Creating a programming language

31 July 2025

1 From Electrons to Bytes

Every computer is a colossal city of microscopic switches called transistors. Each switch is either conducting electricity or blocking it. We label these states 1 and 0. A single bit isn’t impressive, yet eight neighbours joined at the hip form a byte—the basic currency of memory.

Fig 1 – eight bits dancing between 0 and 1 combine into a byte (0‑255).

Why care? Because every extra bit doubles the number of distinct patterns. One bit can only say “yes/no”; two bits track four states; ten bits already distinguish 1 024 cases. That exponential head‑room is how tiny chips stream 4K video and protect cryptographic keys.

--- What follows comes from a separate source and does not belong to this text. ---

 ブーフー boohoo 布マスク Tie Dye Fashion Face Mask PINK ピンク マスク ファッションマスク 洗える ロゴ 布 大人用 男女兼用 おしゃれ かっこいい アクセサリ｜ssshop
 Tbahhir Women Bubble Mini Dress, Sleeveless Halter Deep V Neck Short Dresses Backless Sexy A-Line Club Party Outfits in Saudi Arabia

Fig 2 – slide to feel how information explodes with more bits.

Fig 3 – turning raw patterns into real‑world meaning.

The same 0‑1 patterns can wear many hats. With one bit we encode truth;two bits steer a robot across the four cardinal points;four bits cover every hexadecimal digit you type in CSS; bump to seven bits and you hold the entire classic ASCII table.

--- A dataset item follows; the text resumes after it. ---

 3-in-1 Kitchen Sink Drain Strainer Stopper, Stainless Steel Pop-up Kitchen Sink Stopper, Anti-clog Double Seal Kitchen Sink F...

A cleaner mental image of memory is a long street of numbered mailboxes. Address 0x0000 is the first mailbox, 0x0001 the next, and so on. Each mailbox stores exactly one byte. Ask the hardware “what’s at 0x0042?” and it walks to that mailbox and hands back the byte inside.

0x0048

0x0145

0x024C

0x034C

0x044F

0x050A

0x0600

0x0797

0x083C

0x09FA

0x0a5D

0x0b00

0x0c13

0x0d00

0x0eBE

0x0fEF

Fig 4 – sixteen consecutive mailboxes. The first six spell “HELLO\n” in ASCII.

Meaning lives in the reader. The sequence 48 45 4C 4C 4F might be text ("HELLO"), five CPU opcodes, or part of a JPEG header—depending on the software interpreting those addresses. A pointer in C is just a street address; a Python string is an address plus a length; an executable is a giant relocation map telling the OS which mailboxes should land where.

When a program launches, its bytes are copied onto this street and the CPU’s program counter points at the first instruction.

Fig 5 – the CPU repeats a fetch → decode → execute ballet billions of times per second.

At this raw level the processor knows nothing about variables or objects—it only consumes opcodes. All the structure we enjoy in high‑level languages eventually compresses into this binary choreography.

48 65 6C 6C 6F 2C 20 43 50 55 21
48 65 78 20 64 75 6D 70 20 6F 66 20
48 65 6C 6C 6F 2C 20 43 50 55 21

Listing A – a hex dump of the ASCII string “Hello, CPU!” stored as raw bytes.

section .text
global  _start
_start:
    mov     rax, 60     ; sys_exit
    mov     rdi, 42     ; status code
    syscall

Listing B – minimal x86‑64 assembly: exit with status 42.

These two listings are different facets of the same reality: bytes that shape behaviour. In Listing A we gaze at data; in Listing B the bytes are behaviour. Grasping that duality prepares us for the next chapter, where we climb one rung up to study machine instructions—the specific binary patterns each CPU understands.

2 Machine Instructions

The journey from abstract algorithms to working silicon begins with machine instructions. These are small binary sentences the CPU can speak natively. Each instruction encodes what to do (an opcode) and who to do it with (registers, memory addresses, or immediate values).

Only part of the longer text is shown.